Résister en féministes, avec La Déferlante

Emmanuelle Josse, cofondatrice de La Déferlante, nous plonge dans le numéro spécial “Résister en féministes”. Elle évoque les luttes d’Assa Traoré, Sophie Binet, de la poétesse Laura Vazquez, de l’historienne Nonna Mayer, des écrivaines Kaoutar Harchi et Fatima Ouassak et de bien d’autres voix féministes qui dessinent les résistances de notre époque.

Dans ce dernier numéro paru à l’automne 2024, La Déferlante gravite autour d’un verbe à l’origine de toutes les luttes : Résister. En parcourant ses pages, nous avons causé intersectionnalité et universalisme républicain, féminisation des partis d’extrême droite, de ses représentantes comme de son électorat, et la nécessité d’une politisation des ventres des femmes, lieu de manifestation du projet suprémaciste de l’extrême droite.

Ce numéro Résister en féministes appelle à un féminisme antifasciste, face à la montée des extrêmes-droites qui prônent une régression des droits reproductifs et une oppression toujours plus importantes des femmes, notamment racisées et musulmanes, et des personnes à la croisées des identités de genre.

Intersectionnalité, universalisme républicain et communautarisme

«Pour qui on se bat ? Est-ce qu’on se bat pour des femmes blanches, des classes moyennes et supérieures cisgenres ? Ou est-ce qu’on élargit la lutte à des femmes qui sont travailleuses précaires, des femmes racisées, des femmes trans ? Comment on met en jeu ces diverses oppressions ?» Voici pourquoi La Déferlante a choisi pour slogan «la revue des révolutions féministes», au pluriel. En effet, au cœur de La Déferlante se trouve la nécessité d’une approche intersectionnelle, c’est-à-dire la conscience d’oppressions croisées, notamment celles de race, de classe, d’identités sexuelles et de genre.

Le féminisme n’appartient pas qu’aux femmes blanches. Assa Traoré, dans La Déferlante

Face à la nécessaire identification des oppressions et donc de la spécificité des individus que nécessite l’intersectionnalité, se dresse le barrage du principe d’universalisme républicain.

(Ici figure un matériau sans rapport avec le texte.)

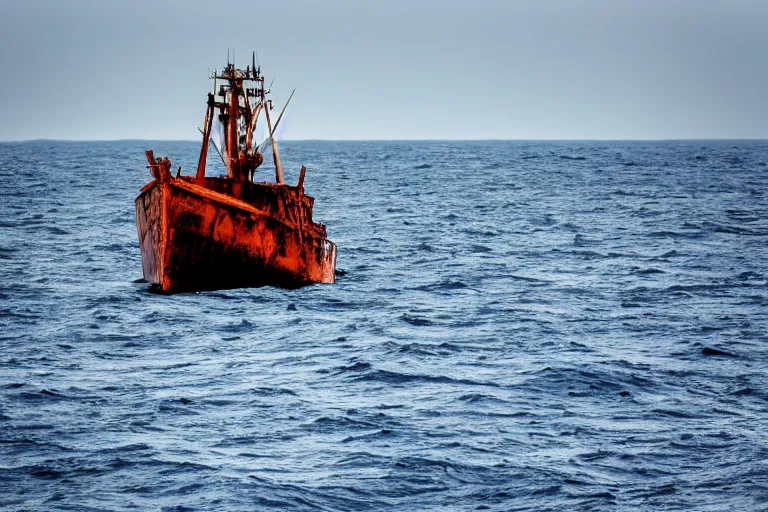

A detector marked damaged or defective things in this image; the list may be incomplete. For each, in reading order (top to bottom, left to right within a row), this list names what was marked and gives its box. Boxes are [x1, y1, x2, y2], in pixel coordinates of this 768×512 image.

La co-fondatrice de La Déferlante rappelle que « l’universalisme républicain est une manière de penser que le grand corps politique dans lequel va se projeter […] la nation française, est composé d’individus abstraits qui ont des droits et des devoirs, en faisant abstraction des conditions matérielles réelles dans lesquelles ils évoluent. »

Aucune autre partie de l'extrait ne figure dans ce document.